PAGI yang hening mendadak riuh pada Rabu, 26 Juni lalu. Tiga box plastik berisi 40 pipa paralon tertinggal di kargo Lion Air. “Isinya burung Kacer,” kata Nabil, pengirim barang, kepada petugas security Bandara Sultan Iskandar Muda sambil ia memperlihatkan seekor Kacer.
Menjelang pemberangkatan subuh itu, box sudah tak lagi bisa dimasukkan ke Lion Air.
“Jadi pengiriman dialihkan ke siang hari,” kata petugas security Bandara Internasional SIM kepada acehkita.com, pada Senin (18/9). Ia enggan dituliskan namanya.

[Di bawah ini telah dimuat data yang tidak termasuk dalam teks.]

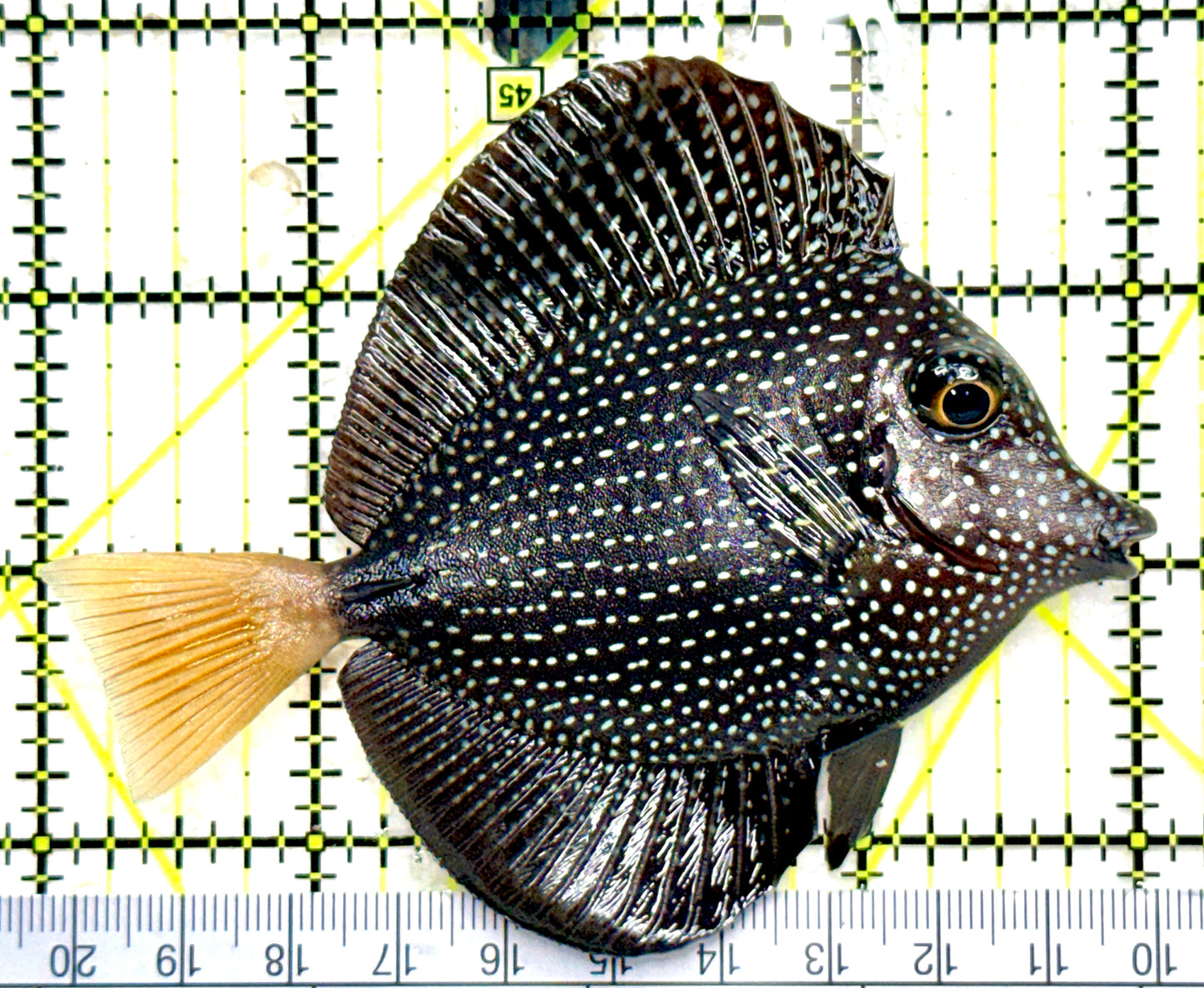Gem Tang GT081801 WYSIWYG Size: L 4" approx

Waktu mendekati pukul 09.00 pagi. Cuaca yang terik membuat 40 ekor burung bersiul. Tapi, siulannya kini tak lagi indah. Lebih menyurupai jeritan kepanasan. “Pas burung menjerit terus, saya mulai curiga. Suaranya kok mirip Murai,” cerita petugas itu. Lantas, ia membongkar box yang bertujuan Jawa Tengah tersebut.
“Isinya 36 ekor Murai. Ada pemalsuan dokumen. Pengiriman atas nama Kacer, tapi burungnya Murai Batu.”
Anggota Polisi Hutan (Polhut) Balai Konservasi Sumber Daya Alam (BKSDA) Bandara SIM, kepada acehkita.com menyebutkan, kasus tersebut bukanlah penggagalan pertama. Maret lalu, tim security bandara juga mengamankan penyelundupan Murai Batu.
“Ada oknum petugas setempat yang bermain, menyelundupkan satwa liar tersebut,” ujar petugas BKSDA tersebut, Sabtu (17/9). Ia juga enggan dituliskan namanya.
Modus penyelundupan, sebut ia, dilakukan dengan mengatasnamakan burung Kacer. “Rata-rata pas kami lihat surat saat pemiksaan, semua burung Kacer yang dibawa ke Pulau Jawa dengan alasan untuk membasmi hama ulat. Karena waktu itu di Jawa lagi banyaknya penyakit Ulat Bulu,” kata petugas security.
Berdasarkan kouta yang diberikan oleh Badan Perlindungan Hutan dan Konservasi Alam, hanya 55 Murai yang bisa dikeluarkan dari Aceh. Per orang, hanya mendapatkan izin untuk membawa paling banyak dua ekor Murai. “Syaratnya fotokopi kartu penduduk, dan fotokopi tiket pesawat,” lanjut petugas konservasi tersebut.
Selain syarat tersebut, para wisatawan juga harus melampirkan Surat Angkut Tumbuhan dan Satwa Dalam Negeri (SATSDN), yang dikeluarkan oleh BKSDA, dan surat izin kesehatan hewan dari Badan Karantina Pertanian Wilayah Kerja Bandara SIM.
Tapi, Murai yang diselundupkan Nabil, hanya melampirkan surat kesehatan hewan dari pihak Karantina. “Karantina tidak bisa menerbitkan surat kesehatan hewan tanpa SATSDN dari KSDA,” sebut petugas tersebut. Ia menuding, ada kelalaian, bahkan pihak karantina ikut bermain pada bisnis ilegal ini. “Padahal apa sulitnya mungurus surat di kita.”
Kepala Karantina Bandara SIM, Indrayati, yang dijumpai acehkita.com di kantornya, Minggu (18/9), membantah perihal kelalaian tersebut. “Saya terus-terang selalu periksa, sesuai dengan poksi kita, yaitu memeriksa hewan bawaan untuk mencegah keluar masuknya hama penyakit hewan dan tumbuhan. Kita berdiri sesuai poksi karantina,” katanya.